Views on Mainz
111 Artists in One Office
Opens Mon, March 23, 2015, 7 pm
With works by Nicole Ahland / Nevin Aladağ / Maria Anwander / Heike Aumüller / Josef Bauer / Marc Bauer / Lothar Baumgarten / Thomas Bayrle / Anne Berning / Johanna Billing / Monica Bonvicini / Brandstifter / Kerstin Brätsch / Andrea Büttner / Daniele Buetti / Tom Burr / Gerad Byrne / Ernst Caramelle / David Claerbout / Attila Csörgő / Edith Dekyndt / Anna Dot / Nils Dräger / Björn Drenkwitz / Heinrich Dunst / Uroš Đurić / Anne Eggebert / Stephan Engelke / Samuel Fath / Vadim Fishkin / Frank Gabriel / Rainer Ganahl / Susann Gassen / Agnès Geoffray / Harald Gfader / Nicola Goedecker / Polly Gould / Tamara Grcic / Sofia Greff / Sabine Groß / Katharina Grosse / Sandra Heinz / Nina Heinzel / Marc von der Hocht / Nikolas Hönig / Anne Hoffmann / Sofia Hultén / I. Helen Jilavu / Sven Johne / Franz Kapfer / Dieter Kiessling / Oliver Kelm / Herwig Kempinger / Esther Kläs / Jakob Lena Knebl / Peter Kogler / Anton Kokl / Claudia Larcher / Marko Lehanka / Sonia Leimer / Sara Masüger/ Christian Mayer / Gerhard Meerwein / Ilka Meyer / Sarah Mock / Matt Mullican / João Onofre / Daniel Pauselius / Goran Petercol / Peter Piller / Emilie Pitoiset / August Priebe / Florian Pumhösl / Tobias Putrih / Katja von Puttkamer / Max Reintgen / Cornelia Rößler / Michael Sailstorfer / Judith Samen / Hans Schabus / Benjamin Schaefer / Markus Schinwald / Erik Schmelz / Marten Georg Schmid / Thomas Schmidt / Martin Schwenk / Mary Sherman / Six & Petritsch / John Skoog / Slavs and Tatars / Margherita Spiluttini / Friedemann von Stockhausen / Stoll & Wachall / Bernd Thewes / Sabine Tress / Stephan Truschel / Anna-Lena Tsutsui / Upper Bleistein / Gediminas Urbonas / Winfried Virnich / Simon Wachsmuth / Markus Walenzyk / Christoph Weber / Lisa Weber / Peter Weibel / Jonas Weichsel / Lois Weinberger / Anna Witt / Leo Wörner / Bruno Zhu / Heimo Zobernig
A collection of artistic donations
The offices at galleries and museums fall into a different category from the exhibition space. They are working areas for everyday bureaucracy and organization, with neither high insurance or real estate values, nor any aura or discursive meaning. However, spatial hierarchies become more flexible during periods of transition.
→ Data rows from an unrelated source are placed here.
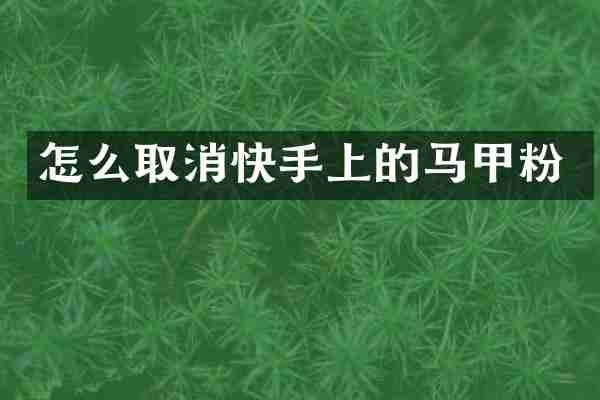 怎么取消快手上的马甲粉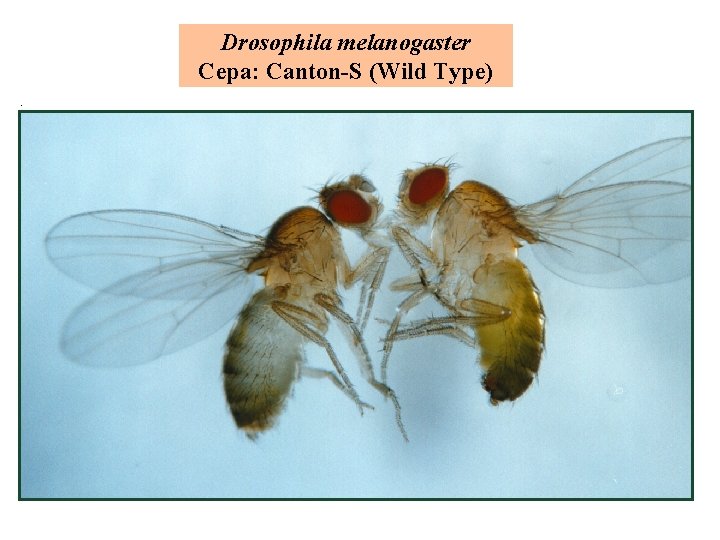 Drosophila melanogaster Cepa: Canton-S (Wild Type) 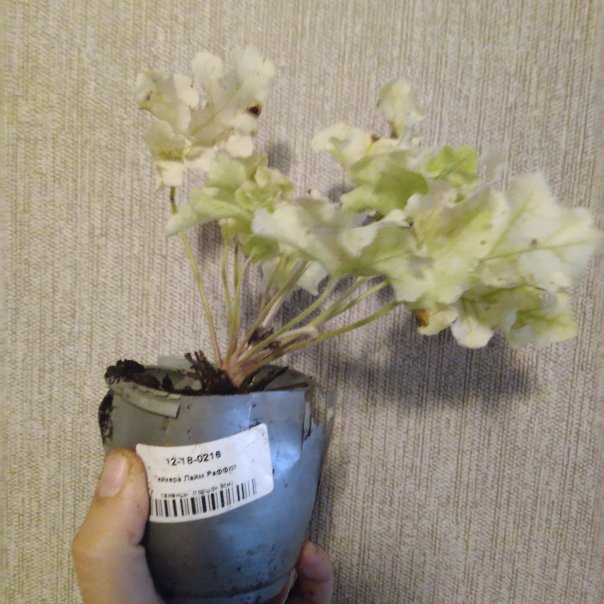 превью изображения отзыва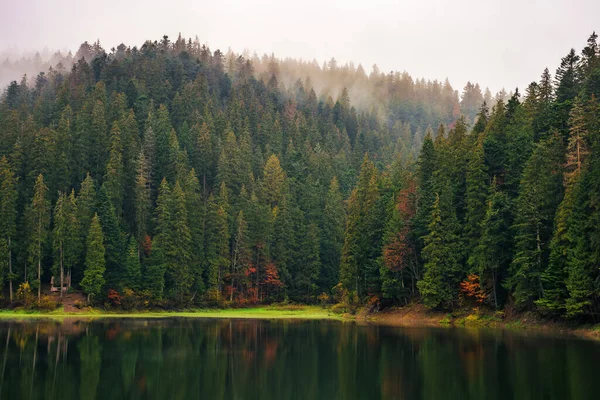 Landschap Met Meer Herfst Mooie Mistige Natuur Achtergrond — Stockfoto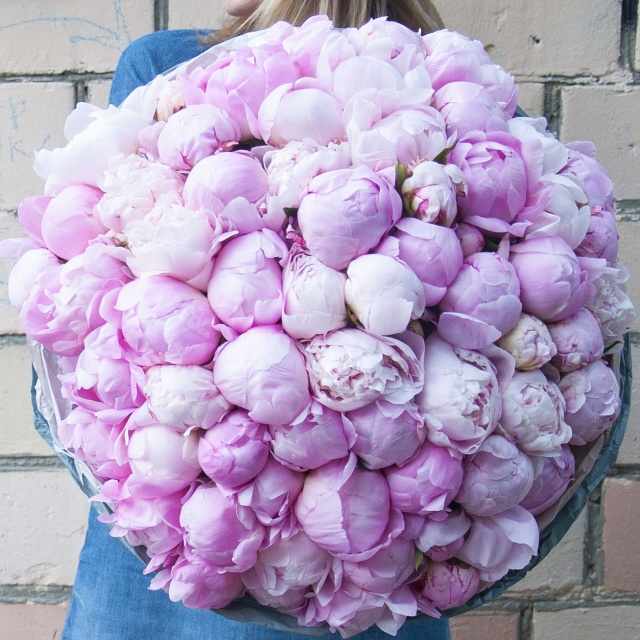 Букет Пионов «Душистый пион» Букет Пионов «Душистый пион»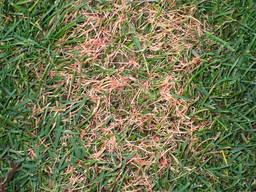 Grass Disease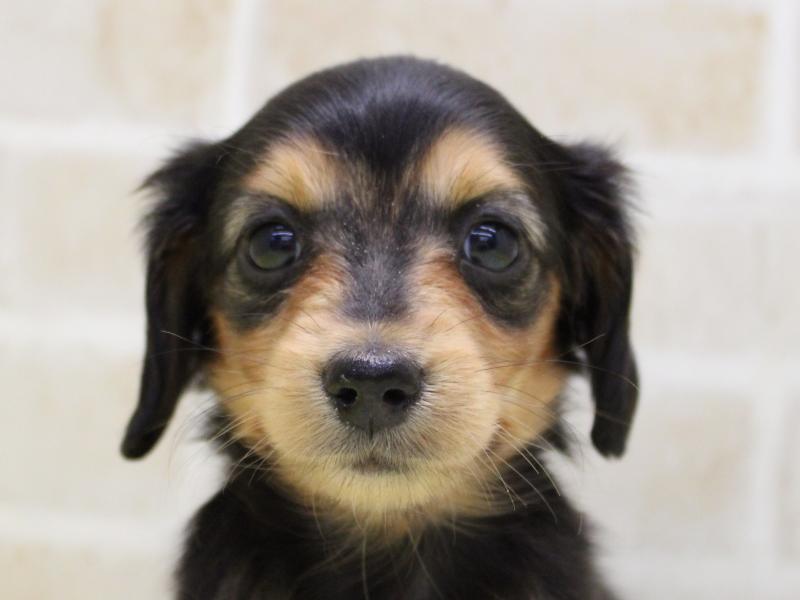 埼玉県のミニチュアダックスフンド(ロング) (ワンラブ埼玉寄居店/2025年9月9日生まれ/女の子/ブラックタン)の子犬の1枚目の画像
This, therefore, is an invitation to rediscover space and art. As my tenure as director of the Kunsthalle Mainz comes to an end—and before my successor moves in—I have transformed my office into a temporary exhibition, which will open to the public starting 23 March 2015, at 7:00 pm. The furniture in my office has been temporarily removed, creating space for objects from artists’ workshops to be put on display by Erik Schmelz. The types of items exhibited are random. There are curios, discarded objects, junk, motion or static pictures, books, photographs, films, videos, knickknacks, texts, and many other things. This “collection” embellishes the conventional concept of art and takes a gentle poke at canonized ways of perceiving it. It is about condensed forms and purported use, about improvisation and personal vedute, the forgotten and the outcast, and not least, about a trove of souvenirs, thoughts, and stories.